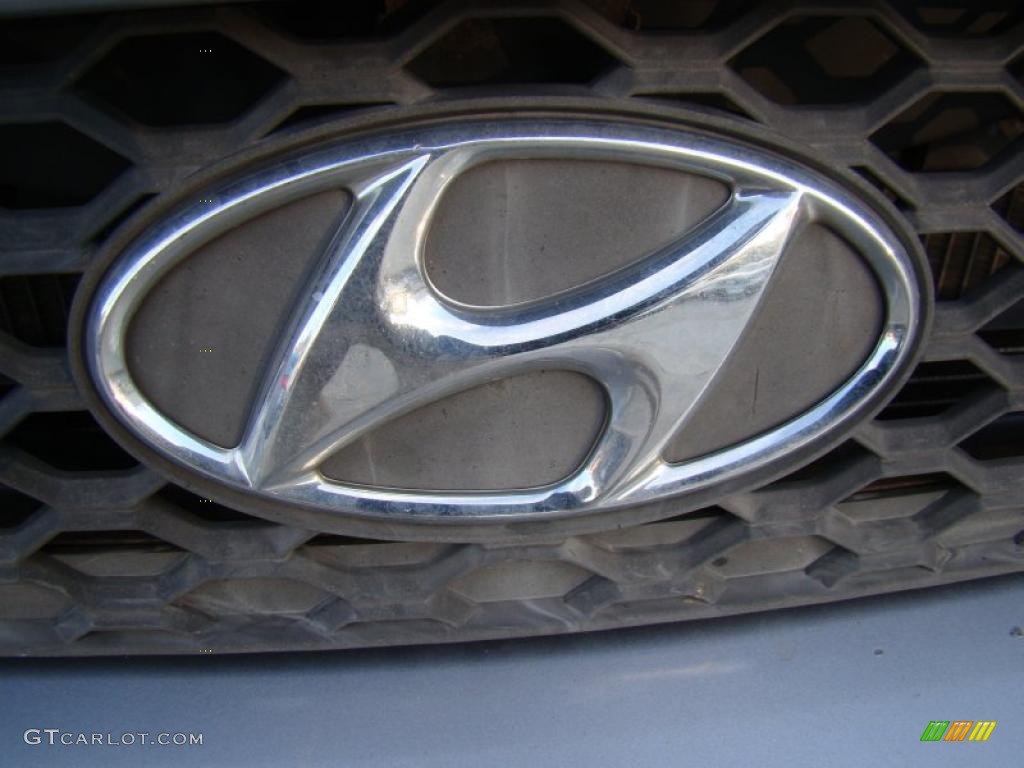 2004 Hyundai Santa Fe LX Marks and Logos Photos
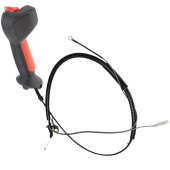 Throttle handle 5371972-09 Throttle handle 5371972-09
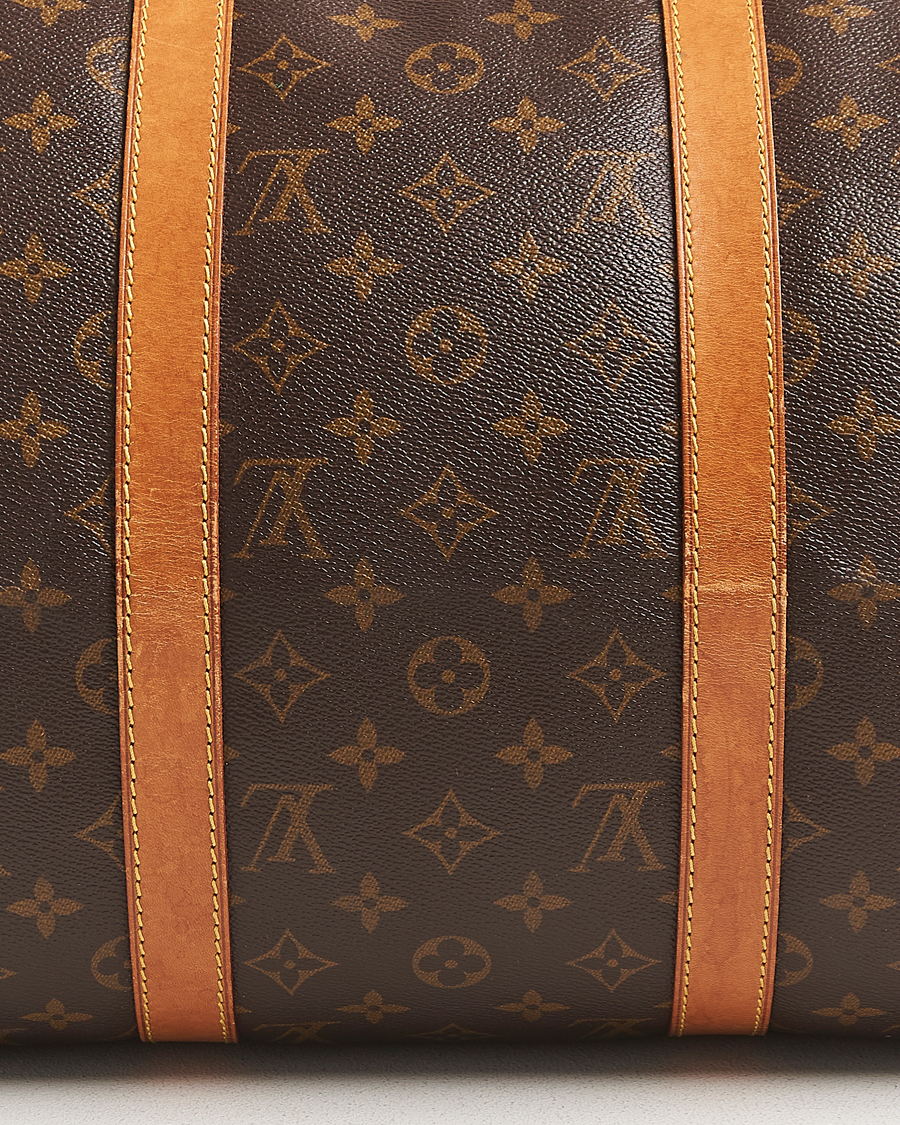 Hombres | Louis Vuitton Pre-Owned Keepall Bandoulière 50 Monogram | Louis Vuitton Pre-Owned | Keepall Bandoulière 50 Monogram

[What you have to do]:
Lines from the one holding "Throttle handle 5371972-09 Throttle" to the end of the data, both ends included, are to be given again exactly; no pictures belong in the copy.

[Solution to this exercise]:
 Throttle handle 5371972-09 Throttle handle 5371972-09
 Hombres | Louis Vuitton Pre-Owned Keepall Bandoulière 50 Monogram | Louis Vuitton Pre-Owned | Keepall Bandoulière 50 Monogram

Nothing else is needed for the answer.